The required result is an exact copy of the lines from the one containing "Guillermo is single" to the last line of the records, both ends included, without pictures.
Top of RECORDS PROVIDED
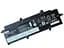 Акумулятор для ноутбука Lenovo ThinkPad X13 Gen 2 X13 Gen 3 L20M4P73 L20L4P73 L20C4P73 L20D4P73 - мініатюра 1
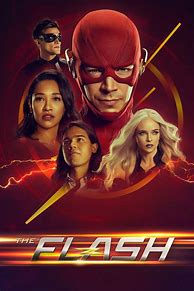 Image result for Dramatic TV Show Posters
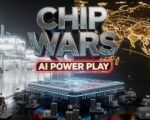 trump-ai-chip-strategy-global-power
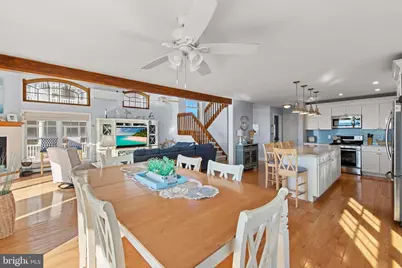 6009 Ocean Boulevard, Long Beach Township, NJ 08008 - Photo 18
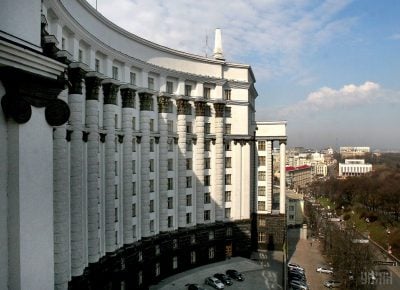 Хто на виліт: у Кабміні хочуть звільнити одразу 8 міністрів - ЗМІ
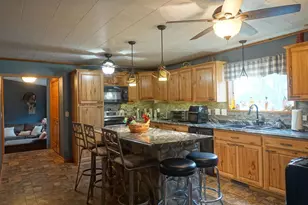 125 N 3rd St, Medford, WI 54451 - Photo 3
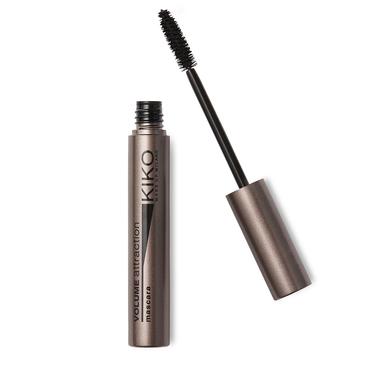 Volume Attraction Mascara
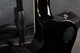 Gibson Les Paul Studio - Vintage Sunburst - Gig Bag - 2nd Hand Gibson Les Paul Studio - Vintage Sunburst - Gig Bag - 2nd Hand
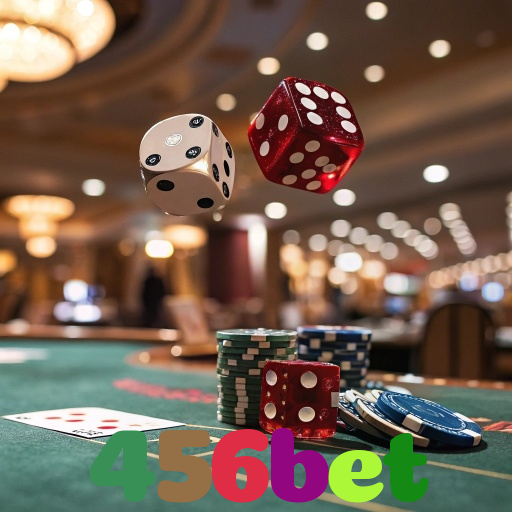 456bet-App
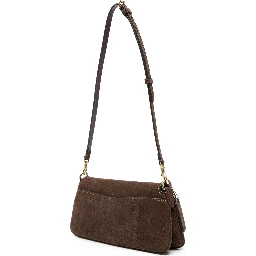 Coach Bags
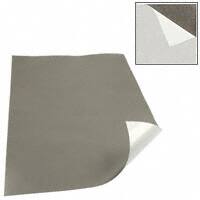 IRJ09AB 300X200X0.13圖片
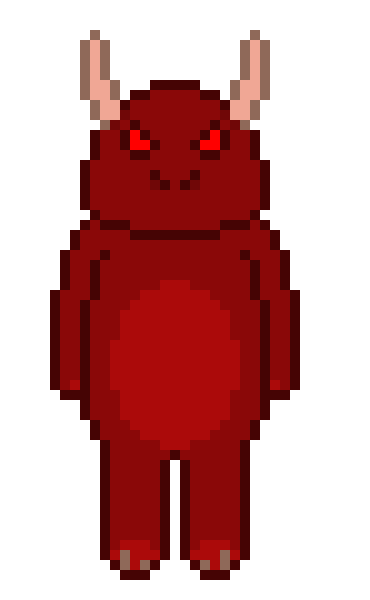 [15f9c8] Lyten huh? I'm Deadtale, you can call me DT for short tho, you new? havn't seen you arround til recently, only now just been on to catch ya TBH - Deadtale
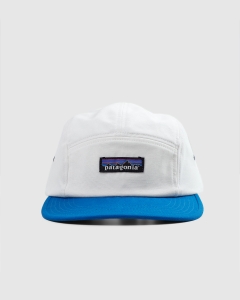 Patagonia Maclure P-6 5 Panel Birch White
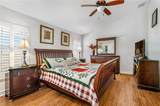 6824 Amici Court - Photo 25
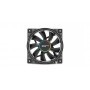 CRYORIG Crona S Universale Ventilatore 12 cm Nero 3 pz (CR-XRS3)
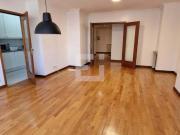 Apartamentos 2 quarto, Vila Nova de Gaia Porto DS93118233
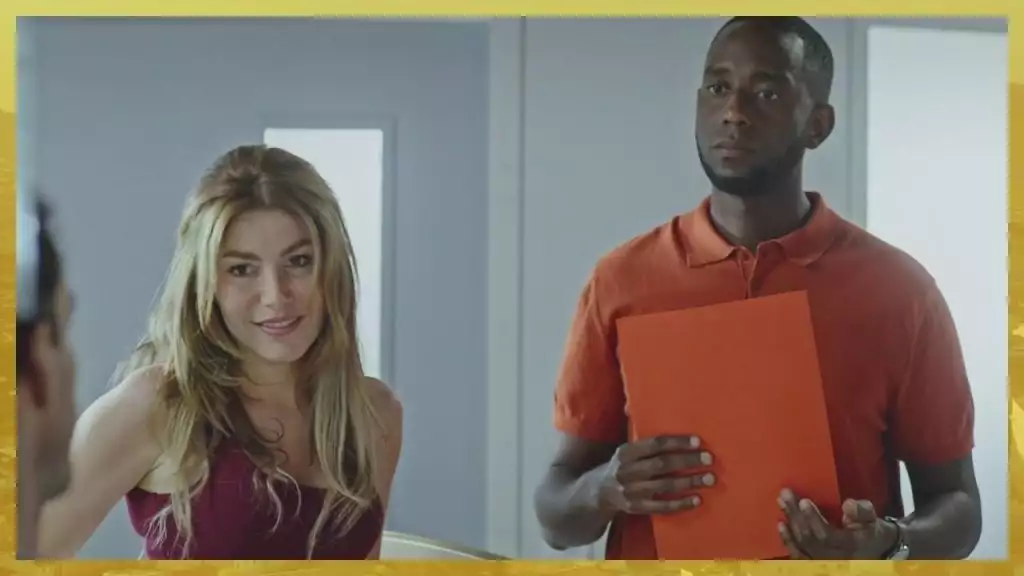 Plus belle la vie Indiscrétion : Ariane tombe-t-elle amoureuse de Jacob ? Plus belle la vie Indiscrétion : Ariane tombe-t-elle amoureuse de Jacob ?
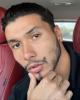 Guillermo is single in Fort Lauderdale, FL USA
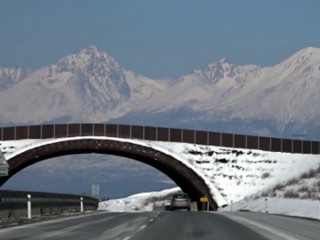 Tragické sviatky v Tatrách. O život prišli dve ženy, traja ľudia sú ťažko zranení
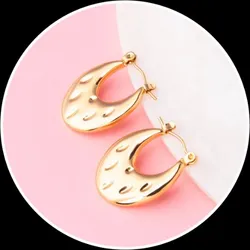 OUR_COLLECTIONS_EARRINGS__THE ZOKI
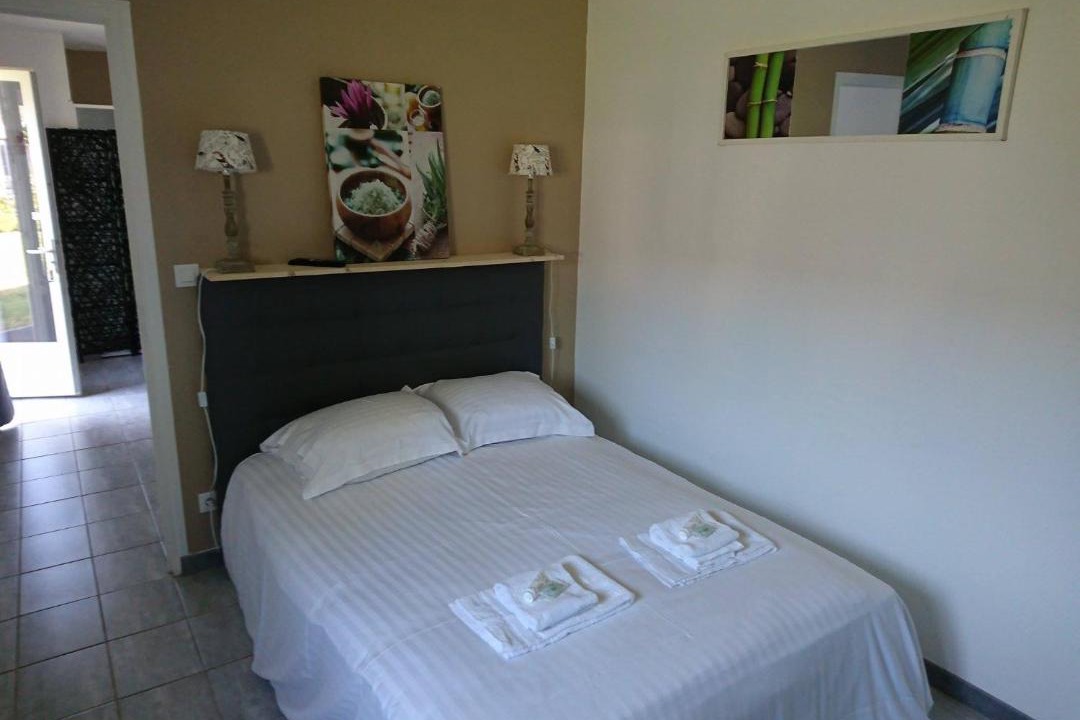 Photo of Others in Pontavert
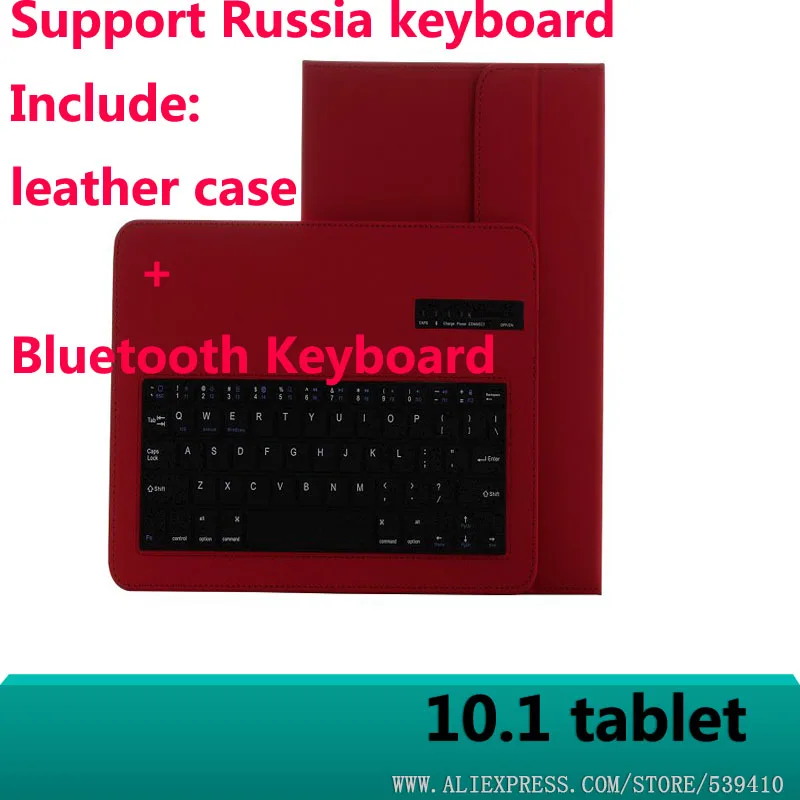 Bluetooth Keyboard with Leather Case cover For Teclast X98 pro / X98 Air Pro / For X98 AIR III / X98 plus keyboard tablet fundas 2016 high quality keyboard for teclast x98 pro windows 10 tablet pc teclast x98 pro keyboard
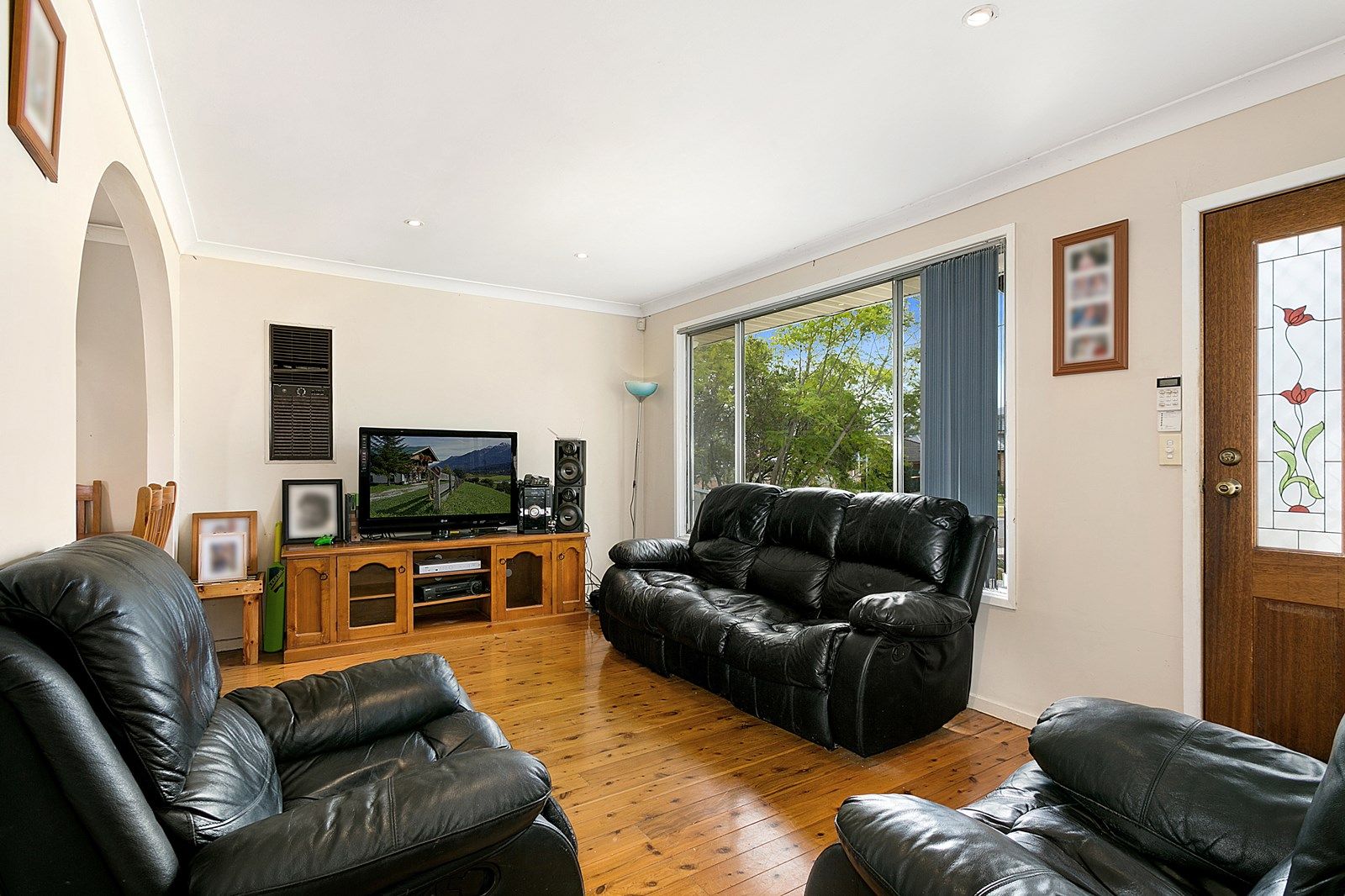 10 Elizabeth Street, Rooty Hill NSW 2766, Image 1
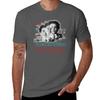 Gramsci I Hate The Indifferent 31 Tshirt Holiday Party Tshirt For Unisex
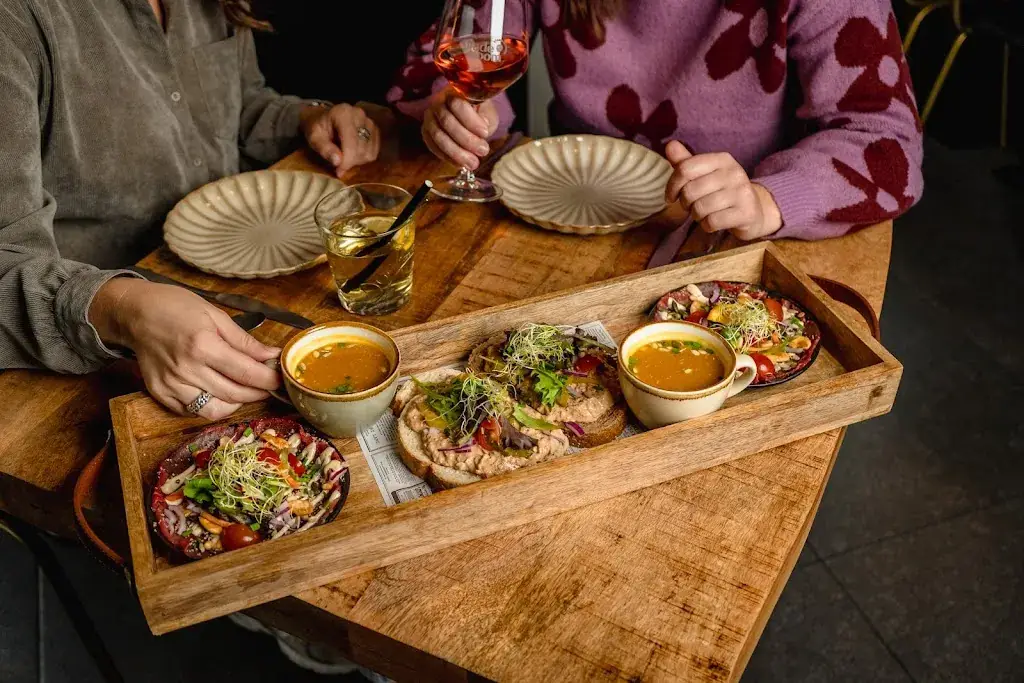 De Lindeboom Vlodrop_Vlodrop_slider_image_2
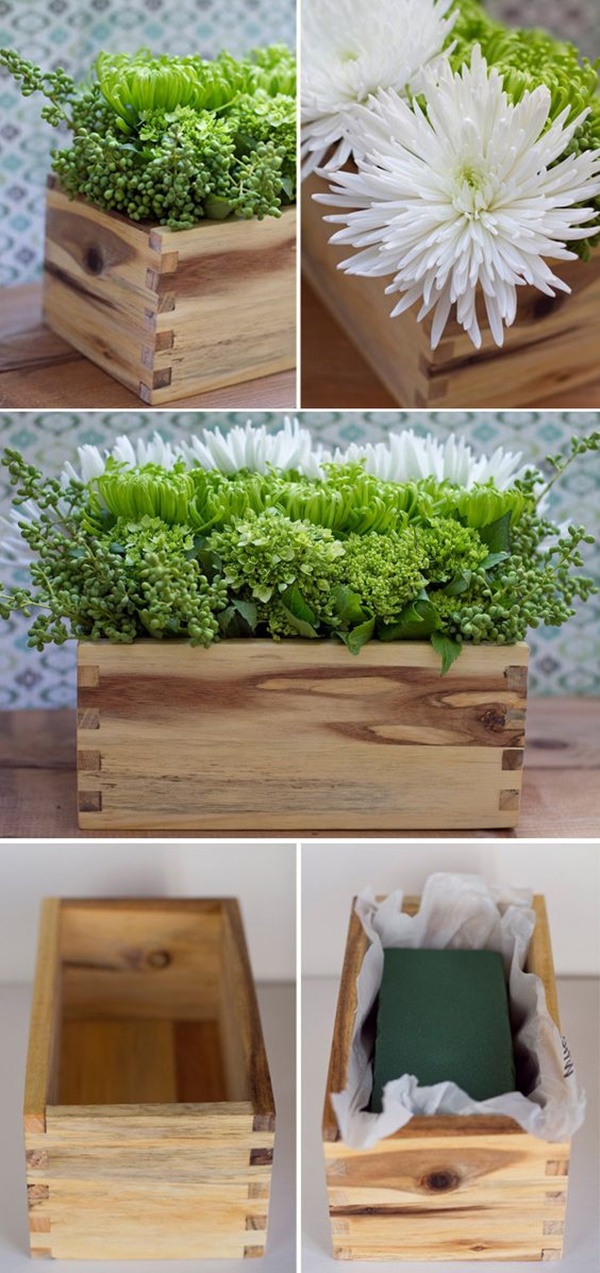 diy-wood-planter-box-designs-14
Bottom of RECORDS PROVIDED
## RESPONSE AREA
 Guillermo is single in Fort Lauderdale, FL USA
 Tragické sviatky v Tatrách. O život prišli dve ženy, traja ľudia sú ťažko zranení
 OUR_COLLECTIONS_EARRINGS__THE ZOKI
 Photo of Others in Pontavert
 Bluetooth Keyboard with Leather Case cover For Teclast X98 pro / X98 Air Pro / For X98 AIR III / X98 plus keyboard tablet fundas 2016 high quality keyboard for teclast x98 pro windows 10 tablet pc teclast x98 pro keyboard
 10 Elizabeth Street, Rooty Hill NSW 2766, Image 1
 Gramsci I Hate The Indifferent 31 Tshirt Holiday Party Tshirt For Unisex
 De Lindeboom Vlodrop_Vlodrop_slider_image_2
 diy-wood-planter-box-designs-14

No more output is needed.